I am impressed with it so far but obviously have not even scratched the surface. Can't wait to get into it more!


----------



## Sodapop (Aug 24, 2013)

clee01l said:


> NIK installs mostly as a Edit-In function and appears in the Edit-In submenu. The exception to that is HDR Efex Pro which is installed as an Export plugin (since it acts upon multiple files at once).  The HDR Efex package does not require much in the way of disk space.



Got nik and looks like a real god plugin. Just wondering, Silver Efex Pro 2 is really slow to respond when an adjustment is made.

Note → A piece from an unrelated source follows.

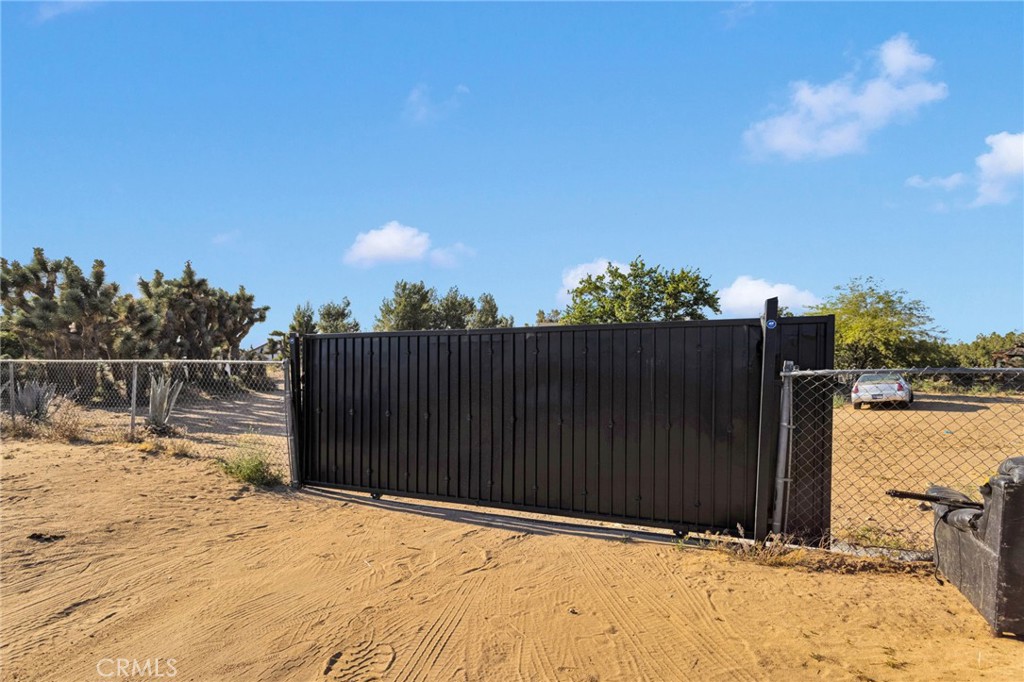 6414 Nielson Road Phelan, CA 92371 - Photo 67 of 74 a wooden fence with a view of small space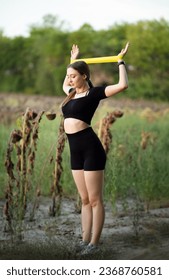 Young beautiful woman working out with fitness rubber bands in field of dry sunflowers, girl training hands, sport concept - Shutterstock ID 2368760581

Anyone know why?

as ever

soda


----------



## Adam (Aug 24, 2013)

I just used all of the default settings and didn't have any issues. I can't think of why Silver Efex Pro 2 would be slow. Maybe someone else has some ideas?


----------



## Sodapop (Aug 24, 2013)

Thanks for the response Adam and all else. I think I' am going to start a new thread since this one is getting old and off the original question/statment.


----------



## Sodapop (Oct 16, 2013)

*Silver Efex works!*



Sodapop said:


> Working witth silver efex pro 2. It is not responding. worked ok once now just a grayed out screen and a "not responding" message. Help please!
> 
> Edited post. Sent from panel instead of grid and it worked. Is this normal.? And I promise I will get a book!
> 
> soda




Thanks for all who responded to this thread. I found the problem and it is solved. It was my old slow computer. Got a new computer and all is well!

Respectfully

soda


----------